NOTE: Drop-starting saws is permitted outside of the basket of an aerial lift only after ensuring that the area below the aerial lift is clear of people.

(I) The operator must have secure footing when starting the saw.

(J) Start and operate the saw only when all other workers are clear.

(K) Stop the engine when carrying the power saw but not between cuts during consecutive felling, bucking, limbing or cutting operations.

(i) The chain must not be turning and the operator's hand must be off the throttle lever while moving between work locations.

(ii) Carry small chain saws at your side with the bar of the saw pointed to the rear.

(L) Stop the engine for all cleaning, refueling, adjustments, and repairs to the motor.

(d) Portable belt sanders. Belt sanders must have guards at each nip point where the sanding belt runs onto a pulley. These guards must prevent the operator's hands or fingers from contacting the nip points. The unused run of the sanding belt must have guards against accidental contact.

(e) Cracked saws. Do not use cracked saws.

(f) Grounding. Portable electric powered tools must meet the requirements of Subdivision 4/S.
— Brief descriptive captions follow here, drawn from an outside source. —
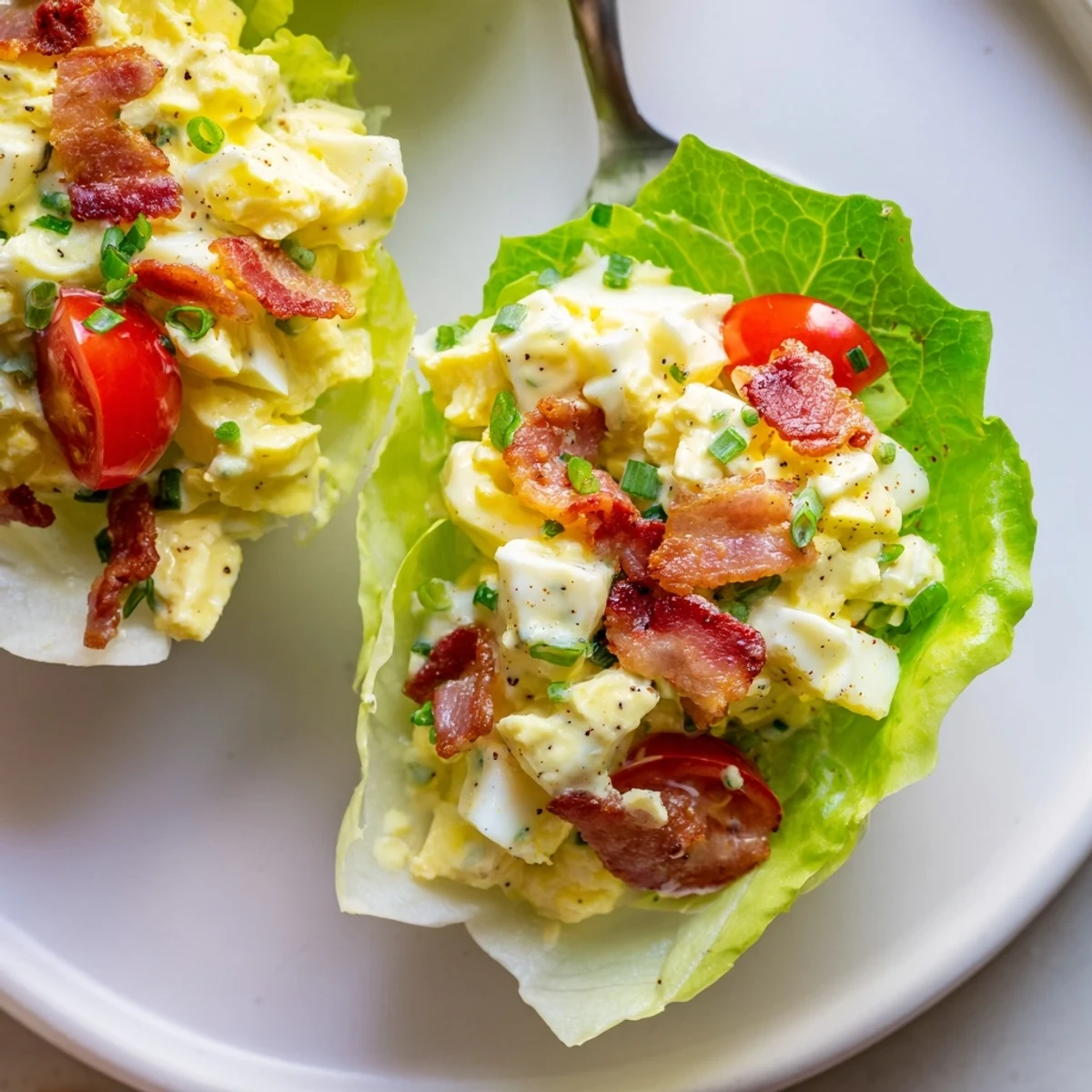 Fresh BLT Egg Salad Lettuce Wraps served on butter lettuce, chilled iced tea.
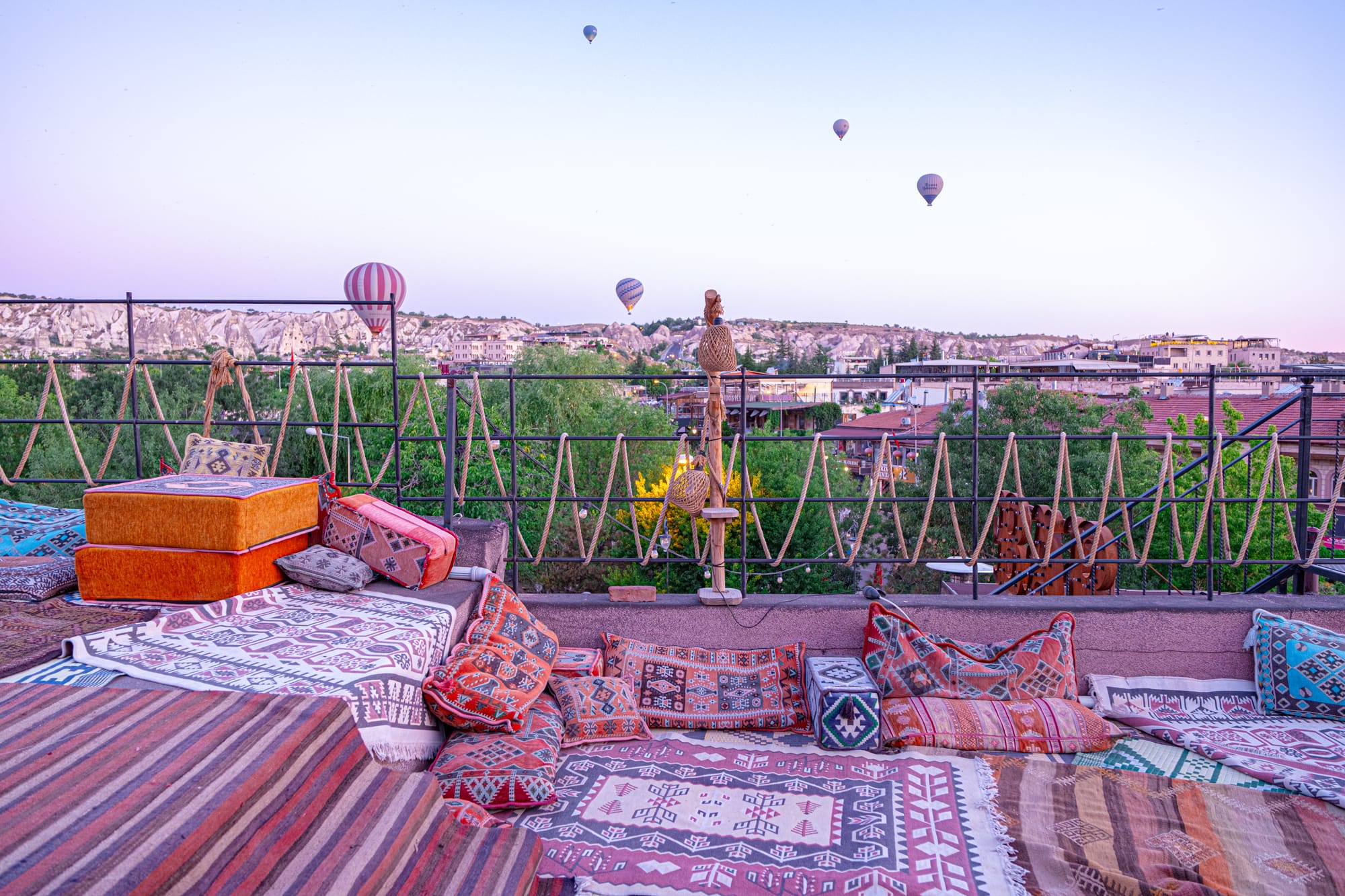 Colorful patterned rugs and cushions on a rooftop terrace in Cappadocia, Turkey, arranged for sunrise viewing. Beyond the railing, stone ridges and town rooftops stretch into the distance while several hot air balloons rise into the pale lavender sky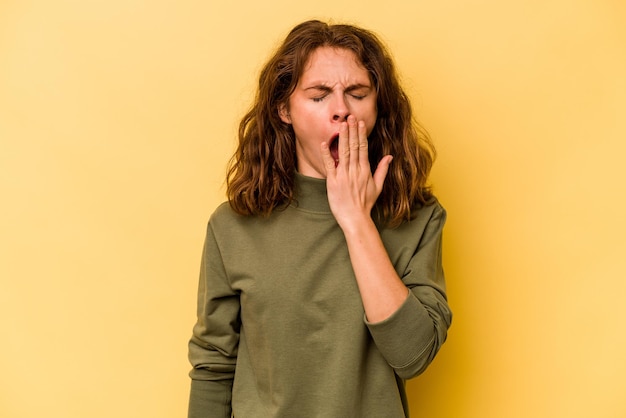 Yawning showing a tired gesture covering mouth with hand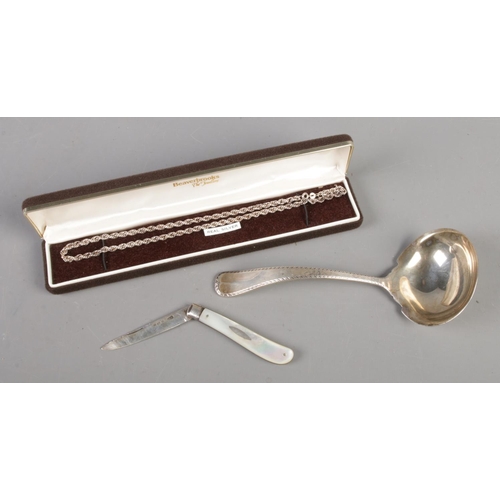 383 - A Reed & Barton sterling spoon (61g) along with a silver chain and silver bladed fruit knife.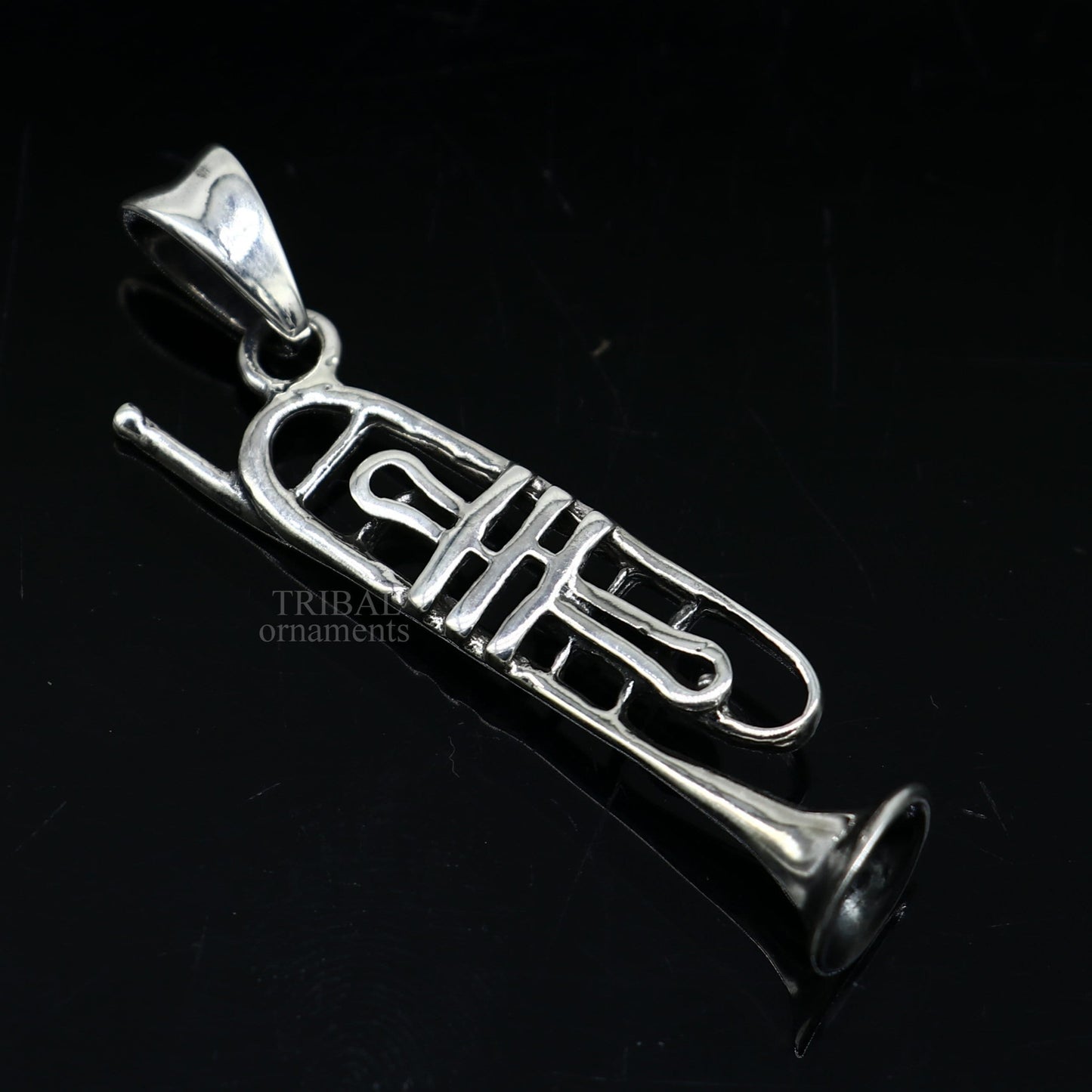 Sterling silver trumpet pendant by TRIBAL ORNAMENTS, detailed musical instrument jewelry for gift or collection.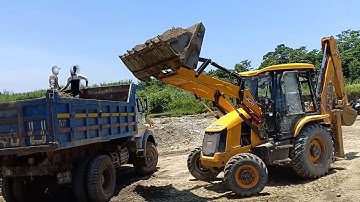 JCB Backhoe Loading River Gravel in Dump Truck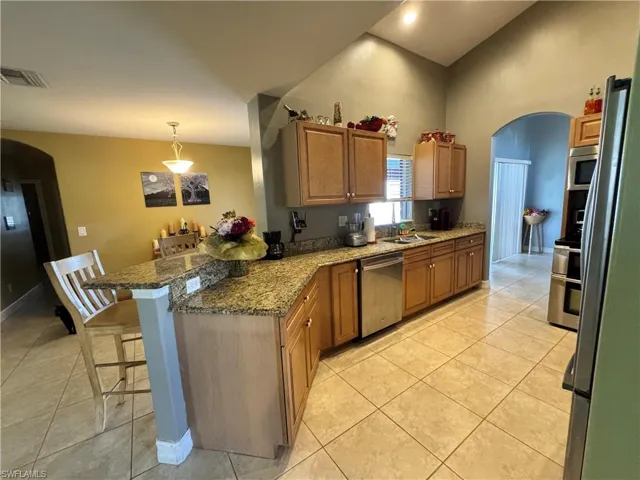 Kitchen featuring arched walkways, wood finish cabinetry, a kitchen bar, stainless steel appliances, and a high ceiling
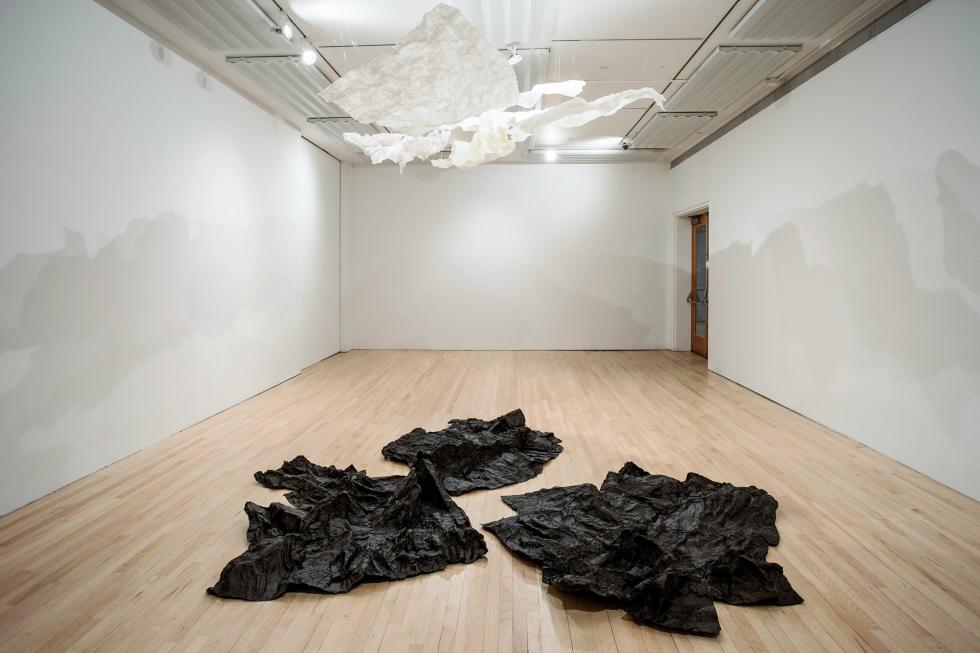 Three large black crinkled papers on a light wooden floor with a large crinkled paper sculpture hanging from white ceiling surrounded by three white walls.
(2) Pneumatic tools and hose.

(a) Only use compressed air supply hose and hose connections rated for the pressure and service required by the tools they serve.

(b) There must be a shut-off valve at the manifold or permanent pipe outlet of the compressed air supply.

(c) Do not couple or uncouple hose without first shutting off the compressed air supply unless the couplers have check valves that automatically shut it off.

(d) Pneumatic fastener-driving tools and other power-driven fastener tools, except as allowed in (e) below, must have a safety device to prevent ejection of nails, staples or fasteners when the tool is not in firm contact with the work.

(e) You may use power-driven fastener-driving tools without the safety device only when using staples with a diameter of .0475-inch (18 gauge A.W.G.) or less and the operator and all workers within 15 feet are wearing suitable eye protection. This does not apply to office staplers.

(f) Do not use oxygen or combustible gases to drive pneumatic tools.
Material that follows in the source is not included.